ETL Meets AI: dbt, Airflow and Databricks all Deepen the AI Integrations

Biweekly Data & Analytics Digest: Cliffside Chronicle

dbt’s Handy Weighs in on How AI is Disrupting Data Engineering

Tristan Handy’s article explores how AI is reshaping data engineering by automating mundane tasks, cutting down on manual coding, and freeing data professionals to focus on higher-value work. He suggests that as AI-driven tools mature, data engineers will spend less time wrangling pipelines and more time on strategic initiatives that produce real business impact.

One of the key takeaways is that AI can help lower the barrier for individuals with fewer technical skills. Rather than needing a deep background in SQL or Python, teams can leverage AI-assisted solutions to transform raw data, generate insights, and move faster on projects. This shift places more emphasis on collaboration and domain expertise. If AI handles the technical heavy lifting, skilled data experts become even more essential for strategic direction and data governance.

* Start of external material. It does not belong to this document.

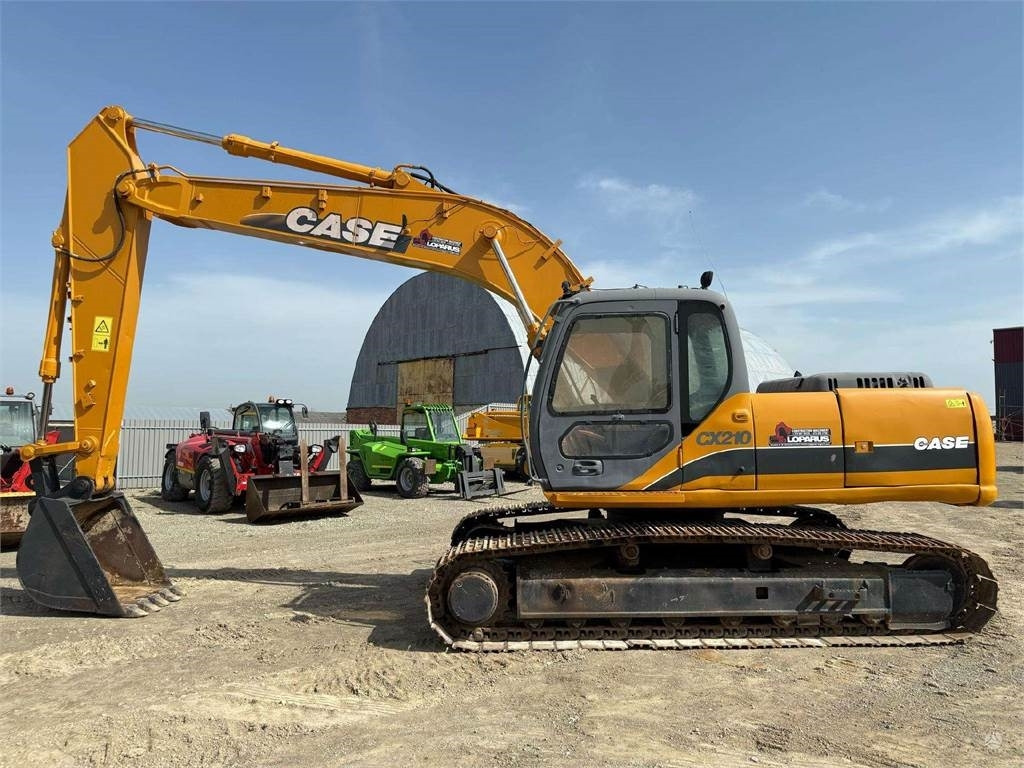 Case Cx 210, ISUZU MANUAL PUMP - 크롤러 굴삭기 : 사진 2 Case Cx 210, ISUZU MANUAL PUMP - 크롤러 굴삭기 : 사진 2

Handy also warns that AI tools are only as good as the data and systems around them. We need to ensure our existing data pipelines, governance, and models remain robust. By pairing human oversight with AI’s productivity gains, we can get the best of both worlds: efficiency and reliability.

Apache Airflow adoption soars, per Astronomer’s 2025 report

Astronomer (the firm behind Airflow’s managed platform) released the State of Airflow 2025 report, highlighting the surging growth and critical role of the popular orchestration tool. Monthly Airflow downloads ballooned from ~888,000 in late 2020 to over 31 million in November 2024, and the number of organizations running Airflow tripled to 77,000+ in that same period.

Over 90% of surveyed data teams now consider Airflow mission-critical, and the report notes Airflow’s use has expanded beyond ETL into powering machine learning and AI workflows in production, cementing its status as foundational infrastructure in modern data stacks.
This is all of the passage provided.